DATA EXTRACT:
-- Opening Marker --

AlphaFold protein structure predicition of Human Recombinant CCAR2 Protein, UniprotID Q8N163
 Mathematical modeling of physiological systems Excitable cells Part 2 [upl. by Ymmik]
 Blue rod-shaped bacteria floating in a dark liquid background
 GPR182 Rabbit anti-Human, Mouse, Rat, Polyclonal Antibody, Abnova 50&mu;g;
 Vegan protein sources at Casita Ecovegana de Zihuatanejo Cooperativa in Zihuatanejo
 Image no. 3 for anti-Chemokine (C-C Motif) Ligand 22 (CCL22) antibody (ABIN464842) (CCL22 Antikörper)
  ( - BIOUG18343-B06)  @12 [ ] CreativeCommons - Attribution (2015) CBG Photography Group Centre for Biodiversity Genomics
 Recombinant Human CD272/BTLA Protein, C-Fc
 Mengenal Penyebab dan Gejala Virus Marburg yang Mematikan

-- Closing Marker --

WHAT THE TASK ASKS:
The entries shown above must be restated word for word.

TASK SOLUTION:
AlphaFold protein structure predicition of Human Recombinant CCAR2 Protein, UniprotID Q8N163
 Mathematical modeling of physiological systems Excitable cells Part 2 [upl. by Ymmik]
 Blue rod-shaped bacteria floating in a dark liquid background
 GPR182 Rabbit anti-Human, Mouse, Rat, Polyclonal Antibody, Abnova 50&mu;g;
 Vegan protein sources at Casita Ecovegana de Zihuatanejo Cooperativa in Zihuatanejo
 Image no. 3 for anti-Chemokine (C-C Motif) Ligand 22 (CCL22) antibody (ABIN464842) (CCL22 Antikörper)
  ( - BIOUG18343-B06)  @12 [ ] CreativeCommons - Attribution (2015) CBG Photography Group Centre for Biodiversity Genomics
 Recombinant Human CD272/BTLA Protein, C-Fc
 Mengenal Penyebab dan Gejala Virus Marburg yang Mematikan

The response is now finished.